Hopecore, Half-Formed Ideas, and Making Things That Might Not Work

On Secret Projects and Mild Delusion

At the moment, I have a couple of ideas quietly lurking in the background. 

They are not finished. They are, at best, concepts. The kind that feel excellent at 11pm and slightly suspicious the next morning.

I’m not talking about them yet - not because they’re especially groundbreaking, but because I’ve learned that saying things out loud too early turns them into obligations. And nothing kills a good idea faster than feeling like you now have to make it work.

For now, they’re just sitting there. Waiting to either become something or quietly fade into obscurity. We’ll just have to wait and see. Ooh, foreshadowing.


Hopecore (Unfortunately, It Works)

There’s a trend floating around called hopecore, which sounds chronically online but is essentially just choosing to be optimistic in a stubborn way, in the face of the way the world insists on being.

Which, slightly inconveniently, is exactly what you need when running a small handmade business.

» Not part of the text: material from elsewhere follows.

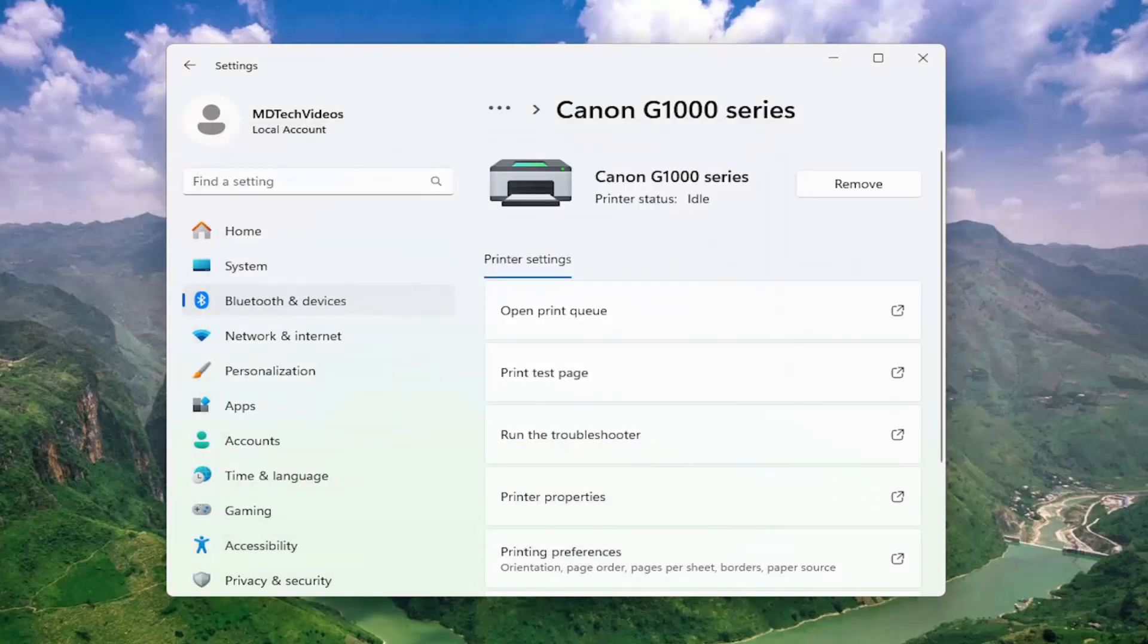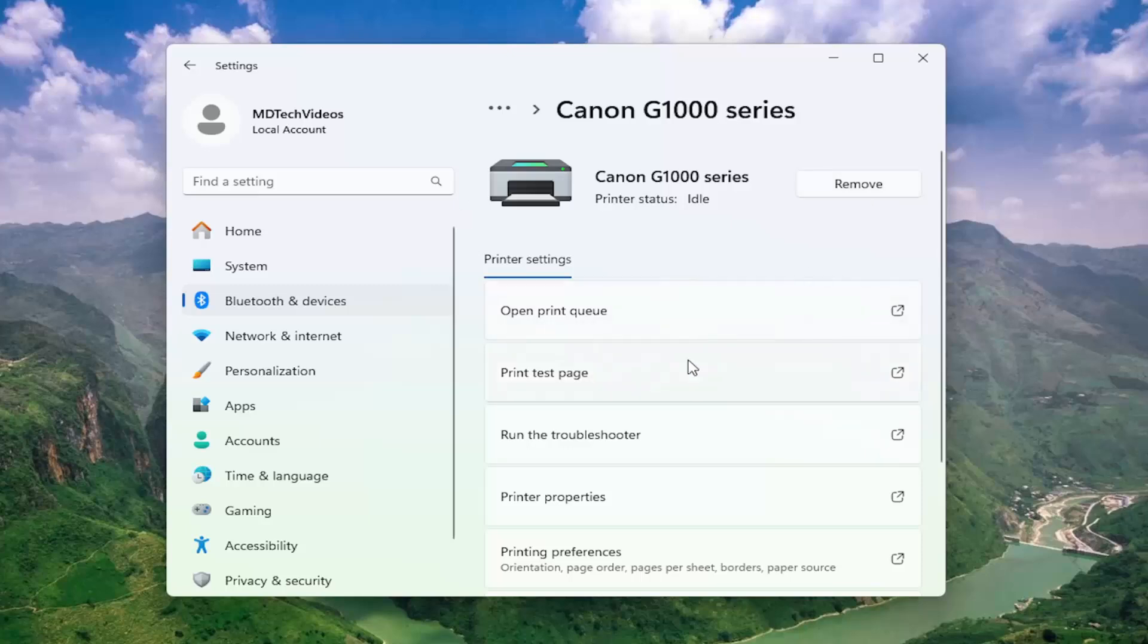Something else to look at: you could try uninstalling or removing the printer and then reinstalling it. That can sometimes resolve the problem.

Because the reality is: things take time. Sales are inconsistent. Social media behaves unpredictably.

And yet, you keep going.

You make the next thing. You try the next idea. You assume that something might land. May as well - you’ve got nothing better to do. Or I don’t, at least. Maybe I should stick to the first person.


Making Things Without a Guarantee

Everything I currently sell started as a vague idea that seemed worth trying.

Handmade Kindle sleeves, handbound classic novels, printable typesets for bookbinding - none of them arrived fully formed. They were all experiments at some point.

Some worked. Most didn’t. (Please see: the shelves of failures housed in my dad’s office, as per the last blog post.)


That’s just how it goes - there isn’t really a moment where everything suddenly feels certain. You just keep making things and see what sticks. I’m not sure I have a point to what I’m saying here - this isn’t my best blog post, by any means. Ah well, we plough on.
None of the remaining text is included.